PwC indicated Wilko employees would be offered the opportunity to work at the new Poundland branches, although it is not clear how many roles will be available.
Last week, PwC announced a £13m agreement with the discount retailer B&M to buy up to 51 Wilko properties that will also be rebranded in a deal that did not include a jobs guarantee.
“Alongside the previously announced agreement with B&M, we’re confident this sale will create a platform for future employment opportunities for people including current Wilko team members at up to 122 locations,” said Edward Williams, a joint administrator at PwC.
“We will continue to engage with other retailers around any interest in other Wilko sites and are confident of completing a sale of the brand and intellectual property within the coming days.”
The Pepco and B&M deals involve shops that employ 3,200 Wilko staff in total.

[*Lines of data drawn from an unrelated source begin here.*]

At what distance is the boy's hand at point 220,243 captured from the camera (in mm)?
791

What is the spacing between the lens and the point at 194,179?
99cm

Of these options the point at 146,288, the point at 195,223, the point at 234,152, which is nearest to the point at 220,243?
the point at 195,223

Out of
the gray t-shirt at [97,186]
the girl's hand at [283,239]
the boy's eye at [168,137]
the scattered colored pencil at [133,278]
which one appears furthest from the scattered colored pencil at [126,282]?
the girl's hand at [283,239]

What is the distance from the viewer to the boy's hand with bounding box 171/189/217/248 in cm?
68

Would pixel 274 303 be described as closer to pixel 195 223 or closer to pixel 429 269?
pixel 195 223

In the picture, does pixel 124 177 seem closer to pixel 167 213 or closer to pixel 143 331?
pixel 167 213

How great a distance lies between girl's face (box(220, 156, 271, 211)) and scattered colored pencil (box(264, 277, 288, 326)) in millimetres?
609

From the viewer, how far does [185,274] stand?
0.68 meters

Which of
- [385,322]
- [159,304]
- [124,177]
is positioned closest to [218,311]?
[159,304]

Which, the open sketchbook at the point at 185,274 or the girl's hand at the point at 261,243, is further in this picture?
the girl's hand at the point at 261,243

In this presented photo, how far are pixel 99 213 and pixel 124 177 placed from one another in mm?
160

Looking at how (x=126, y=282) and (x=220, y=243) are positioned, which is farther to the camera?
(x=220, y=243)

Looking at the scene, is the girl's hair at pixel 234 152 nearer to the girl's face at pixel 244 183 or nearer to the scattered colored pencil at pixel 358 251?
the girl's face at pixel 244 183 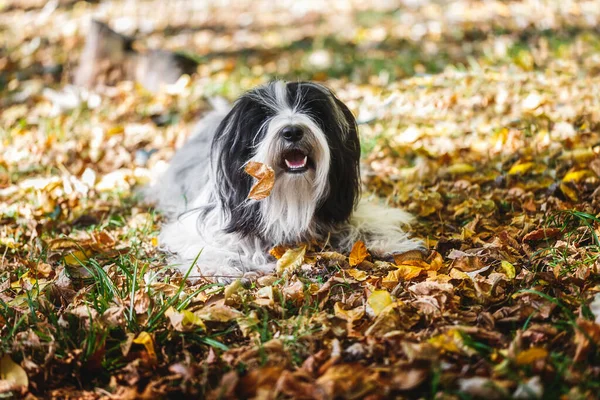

On Monday, PwC said all of Wilko’s stores were to close by early October with the loss of more than 12,000 jobs after talks with potential buyers failed to deliver a rescue deal.
Wilko’s two big warehouses, in Worksop, Nottinghamshire, and Newport, Wales, where 299 jobs have already gone, are to close on Friday.
Last week, PwC announced the closure of a first wave of 52 Wilko stores and the loss of more than 1,300 staff, including support centre workers and warehouse staff, but continued talks with prospective buyers.
The statement on the closure of the whole estate came hours after it emerged that a rescue deal proposed by the owner of HMV that would have saved about half of Wilko’s sites and secured the future of thousands of jobs had collapsed.
Doug Putman, who engineered a turnaround of HMV in the UK and owns Toys R Us in Canada, had been negotiating to save as many as 200 of Wilko’s 408 stores.
PwC is still in talks with the discount retailer The Range, which is seeking a deal for the Wilko brand.
Wilko, which was founded in 1930 when JK Wilkinson opened his first store in Leicester, took over stores left empty when Woolworths collapsed in 2008.